== Task statement ==
Reproduce verbatim the lines of the material below, starting at the line with "民警将这枚炸弹搬至安全处爆破" and ending at the line with "贵阳华润国际社区停车位现收费乱象 可能涉嫌销售欺诈及虚假宣传", both inclusive; skip the rest.

== Entries supplied ==
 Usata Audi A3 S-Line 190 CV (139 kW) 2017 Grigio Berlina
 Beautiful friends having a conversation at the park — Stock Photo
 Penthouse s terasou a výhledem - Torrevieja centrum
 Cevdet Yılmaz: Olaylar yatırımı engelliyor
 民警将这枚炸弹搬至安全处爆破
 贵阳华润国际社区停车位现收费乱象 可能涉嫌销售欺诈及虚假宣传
---
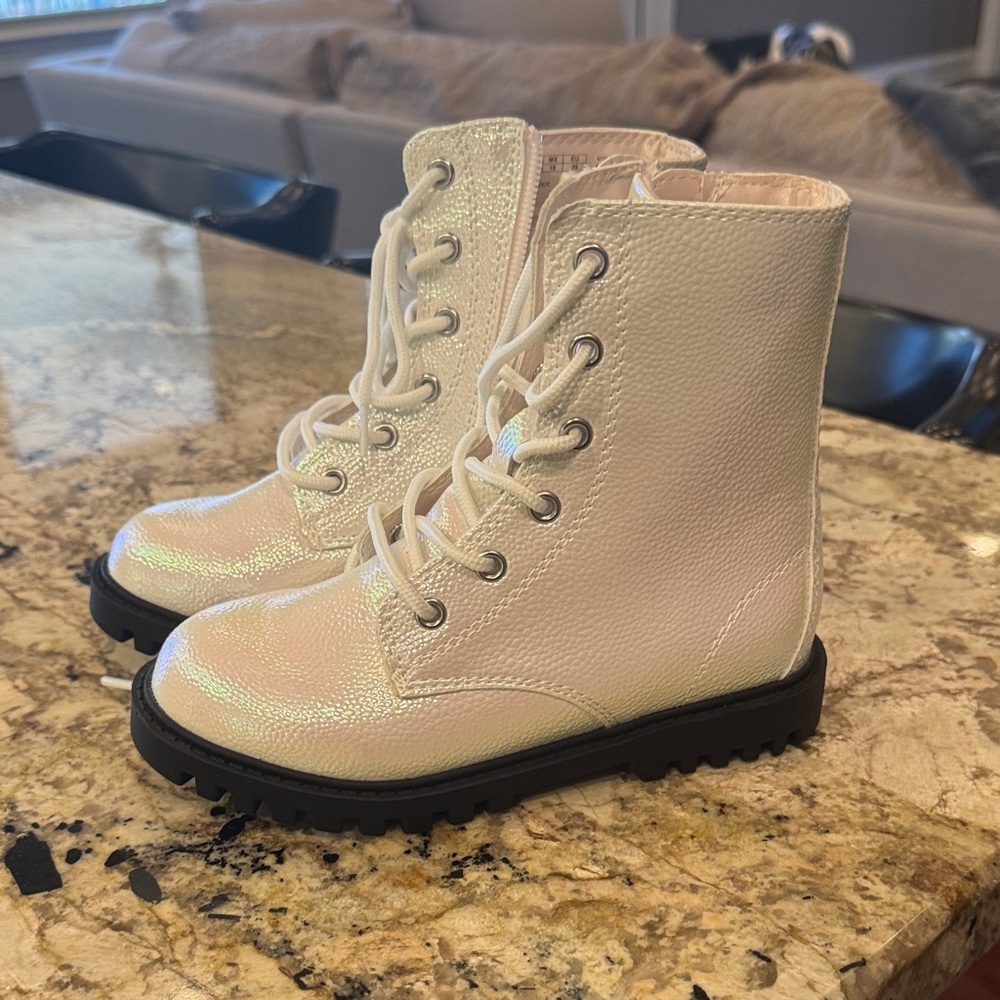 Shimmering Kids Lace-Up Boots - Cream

== Response box ==
 民警将这枚炸弹搬至安全处爆破
 贵阳华润国际社区停车位现收费乱象 可能涉嫌销售欺诈及虚假宣传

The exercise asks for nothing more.